Demonstrators took to the streets in Rome and Milan, following Italy’s Senate vote on an anti-homophobia bill. It proposed to equate anti-LGBT discrimination with racism, and raise sex orientation and gender topics at schools.
The controversial document, known as the ‘Zan bill’ after its initiator, Italy’s center-left MP and LGBT rights activist Alessandro Zan, was rejected by 154 votes in the Senate on Wednesday, while 131 members voted in favor. First introduced in the lower house of parliament in May 2018, it passed the House of Representatives last year in November, but faced challenges in the Senate. Parliament will now be unable to reopen discussions on the proposed law for the next six months, which leaves little time for it to be approved at all before the legislation expires. “The bill is dead,” senator Dario Parrini told Reuters.

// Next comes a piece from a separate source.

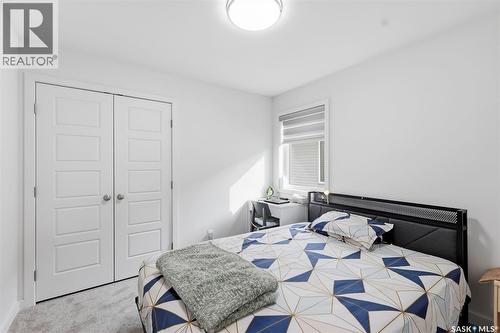231 Katz Court, Saskatoon, SK - Indoor Photo Showing Bedroom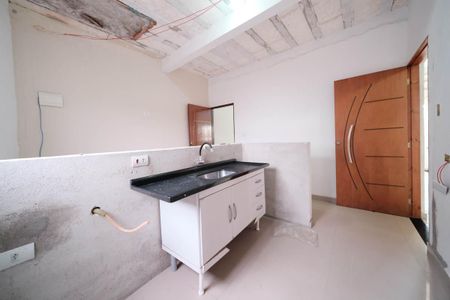 Sala/Cozinha de casa para alugar com 1 quarto, 120m² em Jardim Fernandes, São Paulo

“They talked about us for two years and then as if nothing had happened they threw us in the bin,” a protester in the streets of Rome told RT’s video agency Ruptly on Thursday. “But it is always better than having to accept a watered-down text,” she added.
With the bill having sparked heated arguments between liberals and conservatives, its opponents suggested amendments to the initial document. Italy’s Lega Nord leader and former interior minister Matteo Salvini said the pro-bill politicians’ refusal to dialogue turned the legislation into “years of useless discussions.” Italy’s Foreign Minister Luigi Di Maio and Labor Minister Andrea Orlando called the Senate’s decision a “disgrace.”
“We understood that there was a scam,” a protester in the Italian capital told Ruptly, adding that her companions will “fight to get to our rights.”
If passed, the bill would have added new categories to Italy’s penal code section that specifically outlaws hate crimes and discrimination. The current ‘Mancino law’ from 1993 provides for punishment of discrimination acts on racial, ethnic, national and religious grounds. The new bill would have added acts of discrimination and violence based on sexual orientation, gender identity, sex and disability to the list of offences legally punishable with prison sentences and fines.
“Three years ago I was attacked in broad daylight because of my hair color. I spent a month in hospital, it was a brutal homophobic act,” the bill’s supporter in Milan told Ruptly, adding that Italian forces decrying such acts of violence don’t get enough support from other political parties.
Largely seen as a bill aiming to fight homophobia and legally ban anti-LGBT violence, the legislation has also been criticized for its apparent interference with freedom of expression, and possible gay propaganda in Catholic schools.
Proposing to raise awareness of sex and gender related issues within public institutions, including ones for minors, and officially recognize the International Day Against Homophobia, Biphobia and Transphobia, the bill became especially unpopular with right-wing politicians and the Vatican. The latter even lodged a formal diplomatic complaint against it, suggesting it might breach the freedom of thought of Catholics, and provide for prosecution of those who express opinions in favor of traditional heterosexual families.